Right on the bottom of the RO, it states that it cannot be dismissed for the reason of custody, and that custody would have to be determined by the probate court. I can honestly say that the Judge was not too happy that she would not let me see my children on Christmas day...supervised OR unsupervised! The expression in his face said it all.
Thank you everyone for the support and advice. Get the hell out of Dodge was my favorite. Thing is, I secured an apt in the same small town across the street from the playground that I took my kids too all summer. SHE has never taken them there.
In taking this apartment, I have become a prisoner in my own home. I have to shop in a different town, work out in a different town, and definitely do not eat in this little town.
Personally I do not care about ever speaking to her again. Anyone that is cantankerous enough to spread lies to gain custody is not worth my time and effort. Her actions, lying to the court, if you think about it, pretty much tells you how bad of a mother/wife she really was. If she told the truth, she probably would never have gotten the order in the first place, and the Judge would have taken the kids away.
What I do care about are my four year old and my two year old. She has moved in with her parents, and talking about the apple not falling far from the tree, her mother occsassional indulges in too much wine also. My worry is what my kids are being told. It has now been a full month since I was able to kiss them good morning...make them pancakes...tuck them in...play with their piggy toes...play monkey pile...or even watch High School Musical with them. (My daughter just loves that movie!) And this tears me apart.

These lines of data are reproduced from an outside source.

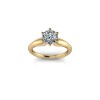 Inel de logodnă din aur galben de 14k, decorat cu piatră de zirconiu - 51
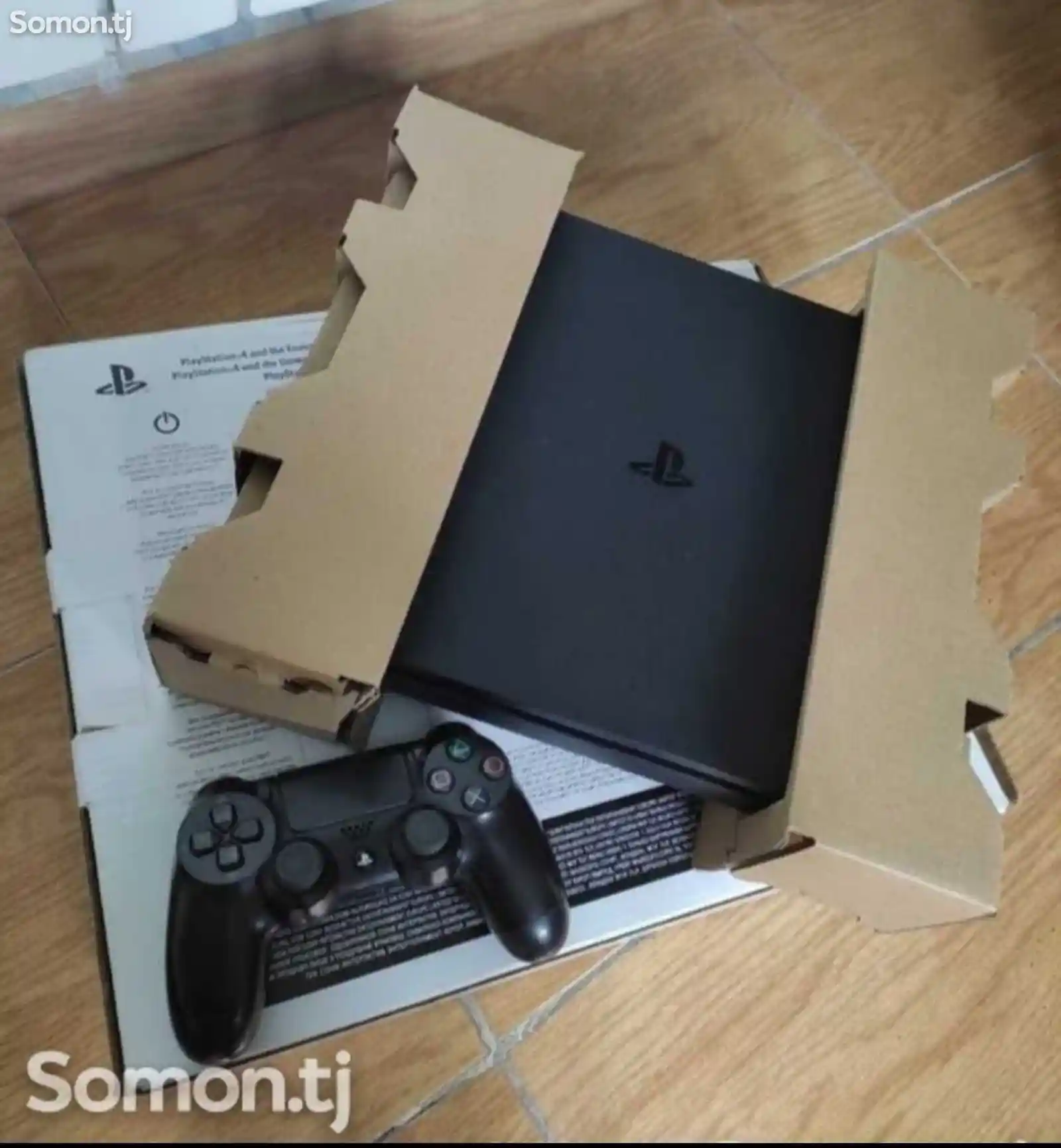 Игровая приставка Sony PlayStation 4 Slim 1tb 6.72 Black Edition + 25и-1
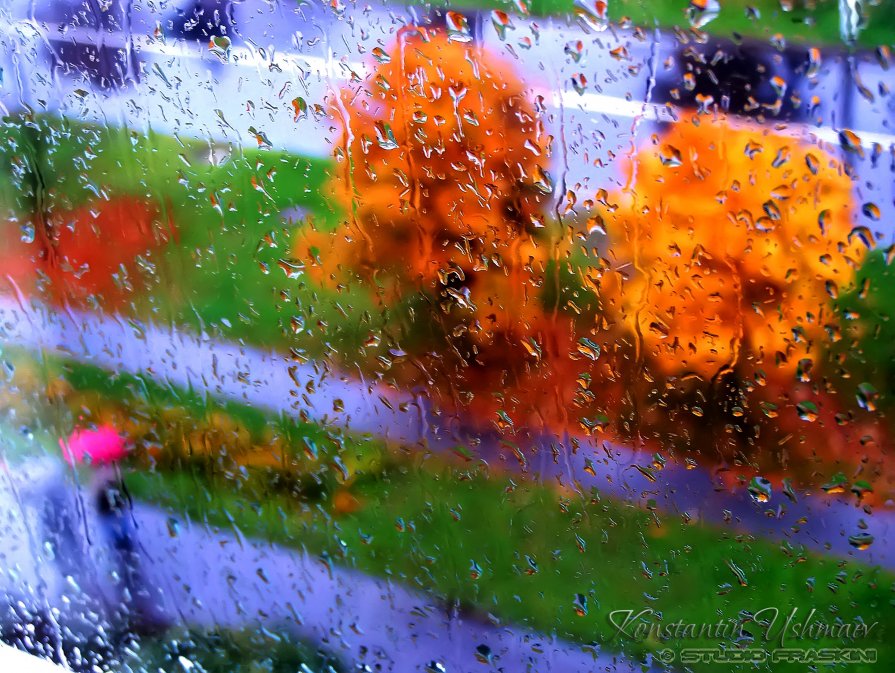 "Осень в моем окне." - Константин Ушмаев
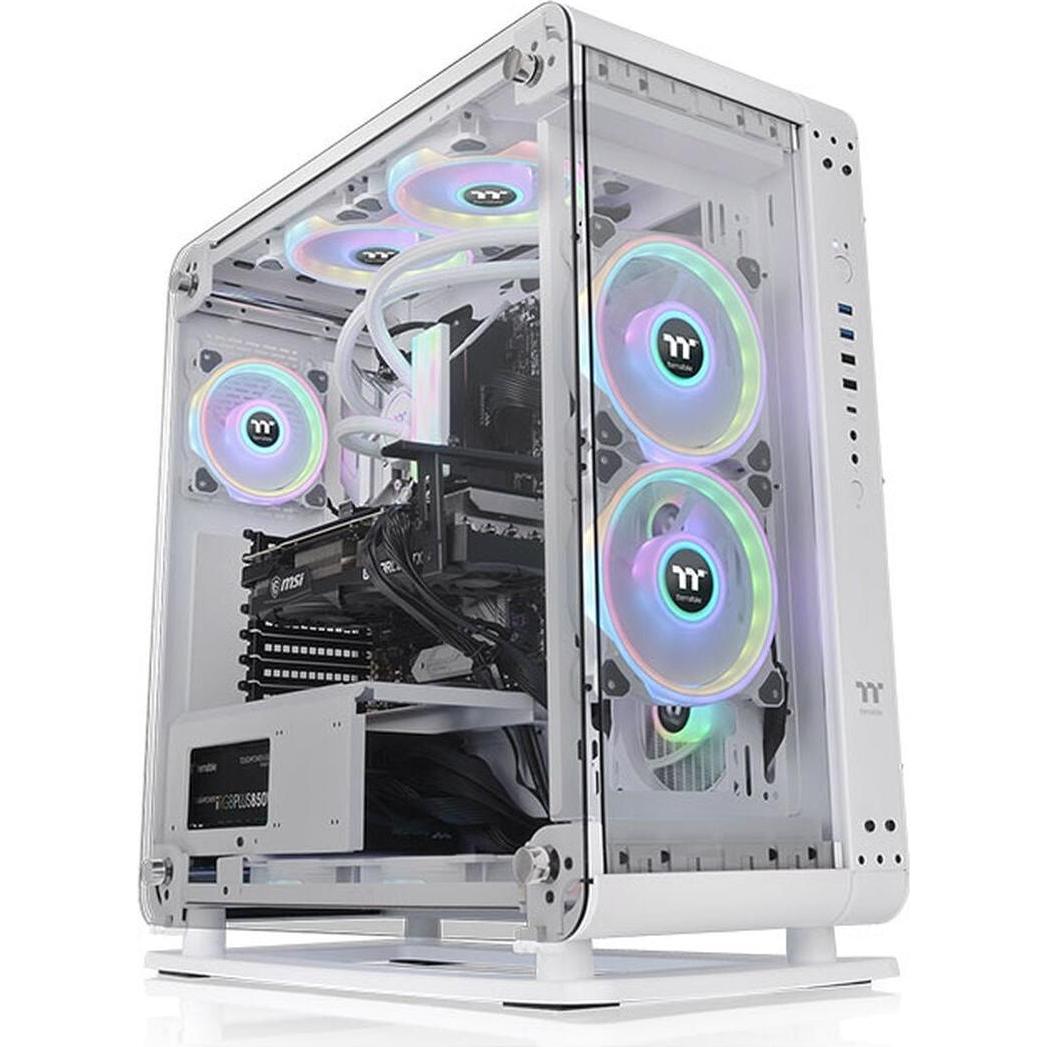 Thermaltake Core P6 (SSI CEB, ATX, mATX, Mini-ITX), Case PC, Bianco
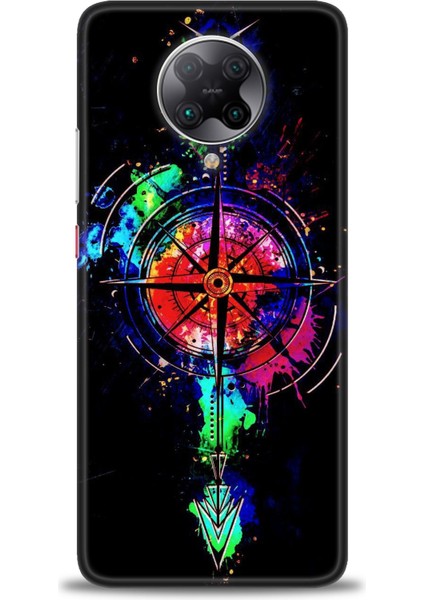 Xiaomi Redmi K30 Pro Hd Baskılı Kılıf + Seramik Tam Kaplayan Ekran Koruyucu 86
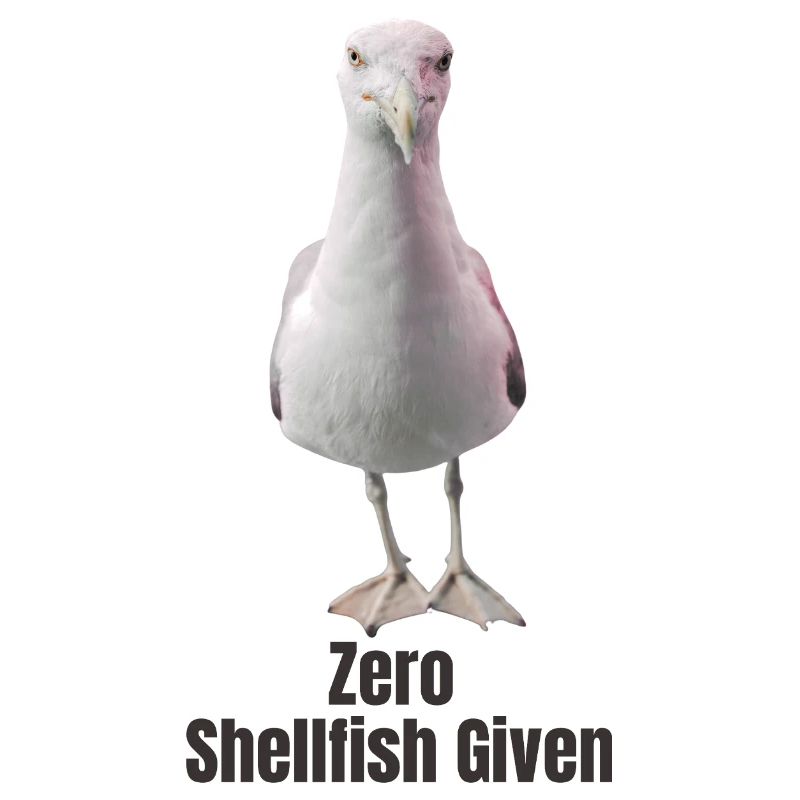 Abstrakte Möwe mit farbigen Akzenten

I will take your advice and let my lawyer handle everything from here, but what will happen in probate, and how does that affect what will happen three days later when the order is heard again?
Should I get myself prepared for probate or for the order?
Thanks again everyone.
You have to be very careful in what you say now. You have to keep your cool and stay away from anything that can be construed as a threat. I would also suggest that you tell your 11 year old that you are, and will be, fine. Don’t lay all this on her. It is your job to assure HER and she doesn’t need to worry about anything.
As others have said, you won’t be able to keep the children away for their siblings. You would have to have concrete proof that they are a danger to your kids. You had two children with this woman, so you obviously found her ‘acceptable’ at some point and time.
I personally do not like women that use this course of action, but I do not know the whole story. You have a lot of anger. If we can see that here, you can bet the judge will too. The judge will not like that she is keeping you from the kids. She also will have to have solid proof that you are a danger to the kids. She will be in very hot water for making any false allegations.
Follow your attorney’s advice, and don't give her anything to use against her. You can also request 'make up' time with the kids... Has he requested a GAL for the kids?